Hiddink, 50, who coaches the Russian national team, has been accused of evading almost 1.4 million euros ($1.84 million) in Dutch taxes while falsely claiming he was a resident of Belgium in 2002 and 2003 after he came back from his successful job with the South Korean national team.
On Feb. 6 prosecutors demanded he serve a 10-month jail sentence, dismissing his claims that he had been living in Belgium as "a joke".
From 2000 to 2002 Hiddink was in charge of the South Korean national side, guiding the World Cup co-hosts to fourth place at the finals.
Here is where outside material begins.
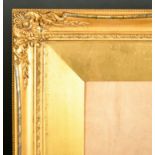 19th Century English School. A Gilt Composition Frame with swept centres and corners and inset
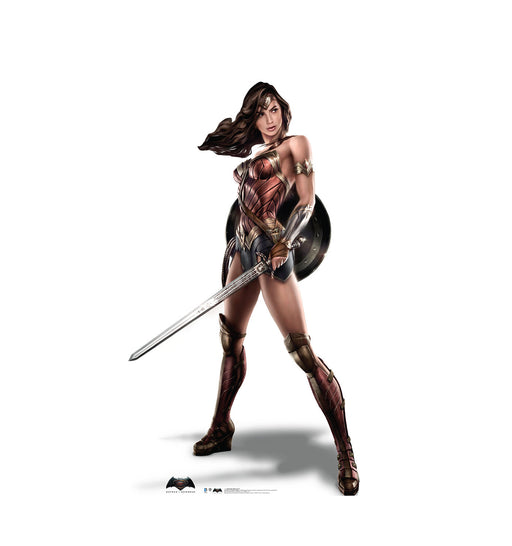 Cut-out of Wonder Woman, the comic book superhero, standing in a powerful stance holding a sword in her right hand and a shield strapped to her left arm. She is wearing her iconic red and gold armor with blue skirt, knee-high armored boots, and a tiara, with her hair flowing to the side.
He then returned to the Netherlands and a coaching job with PSV Eindhoven.
Hiddink's tax advisor is also on trial and facing a possible jail term.
Hiddink's case came to the attention of Dutch tax fraud inspectors after telephone conversations with a former PSV director were monitored by wire taps in a criminal investigation into the PSV director some years ago.
Hiddink's lawyer claimed that the cause for the investigation was not legitimate and that this was not a criminal case but a tax dispute that should have been handled by a special tax court.
Hiddink admitted that he never spent a night in his house in Belgium but also denied that he lived with his girlfriend in Amsterdam.
He said he had instead slept in a number of different places -- in hotels, at his girlfriend's home, at the training ground of PSV Eindhoven, whom he was also coaching at the time, and sometimes even behind the wheel of his car.
Hiddink also claimed that the fraud inspectors knew the details of his case before he made his tax return and that they should have warned him instead of waiting to start a criminal investigation.